Yine şöyle demişlerdir: Burada başka bir esas vardır, o da şudur: Söz söylemek iki kısımdır. Kalbin sözü olan itikad, bir de dilin sözü olan İslam’a girdiğini sözlü olarak söylemektir. Amel de iki kısımdır, kalbin ameli olan niyet ve ihlas’ı ile azaların ameli. İşte bu dört unsur ortada olmadı mı, iman da kemal ile ortadan kalkar. Kalbin tasdiki bulunmadı mı diğer bölümlerin faydası olmaz. Çünkü diğer bölümlerinin muteber olması ve fayda sağlayabilmesi için kalbin tasdiki bir şarttır. Kalbin tasdiki kalıp da diğerleri bulunmazsa, işte çatışmanın cereyan ettiği nokta da burasıdır.

Azaların itaatsizliğinin, kalbin itaatsizliğinin bir gereği olduğunda şüphe yoktur. Çünkü kalb itaat edip boyun eğse, azalar da itaat eder ve boyun eğerler. Kalbin itaat etmeyip, boyun eğmemesi de itaati gerektiren tasdik’in de olmamasını gerektirir. Peygamber -Sallallahu aleyhi vesellem- şöyle buyurmuştur: "Şüphesiz ki kalbte bir çiğnemlik et parçası vardır. Bu düzelirse, bunun düzelmesinden dolayı bedenin tümü düzelir. Bozulursa onun bozulması dolayısıyla, bedenin diğer bölümleri de bozulur. Haberimiz olsun ki o kalb’tir."[54]

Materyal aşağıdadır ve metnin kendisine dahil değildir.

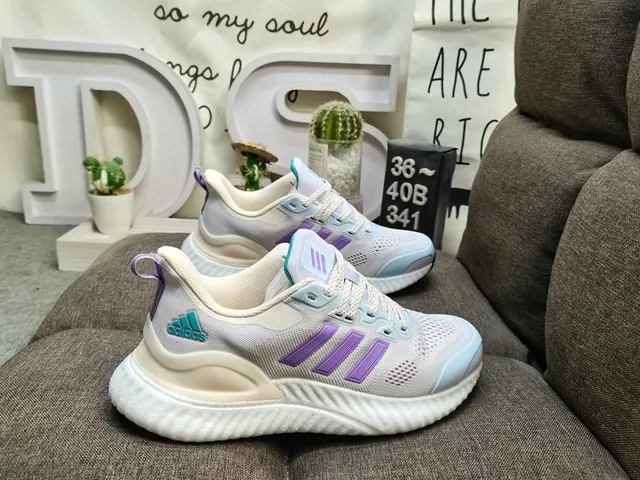 Adidas White Blue Breathable Mesh Upper Sculpted Midsole Lifestyle Sneakers 11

Kalbi düzelen kimsenin, bedeni de kesinlikle düzelir. Halbuki aksi böyle değildir.

İmanın bir bölümünün zeval bulmasının, tamamının da zeval bulmasını gerektirmesine gelince, eğer bu ifade ile kastedilen önceki toplu ve birlikteki hali olup önceki haliyle birlikte ve toplu olarak kalmaz, denilmek isteniyorsa bu doğrudur. Fakat bir bölümünün zeval bulması, diğer bölümlerinin de zeval bulmasını gerektirmez. Bu gibi hallerde sadece imanın kemali zeval bulur.


[46] Buhârî 6243, 6612; Müslim 2657; Müsned, II, 276; Ebû Dâvûd 2152.

[47] İbn Ebî Şeybe, el-Musannef, XI, 22.

[48] Buhârî 9; Müslim 35; Ebû Dâvûd 4676; Tirmizî 2614; İbn Mâce 57.

[49] Ebû Dâvûd 2682; Tirmizî 1163; Müsned, II, 250, 472, 527.

[50] Ebû Dâvûd 4161; İbn Mâce 4118.

[51] Müslim 49; Ebû Dâvûd 1140, 4340; Tirmizî 2172.

[52] Müslim 50; Müsned, I, 458, 461, 462.

[53] Müsned, III, 438, 440; Ebû Dâvûd 4681.

[54] Buhârî 52; Müslim 1599; İbn Mâce 3984.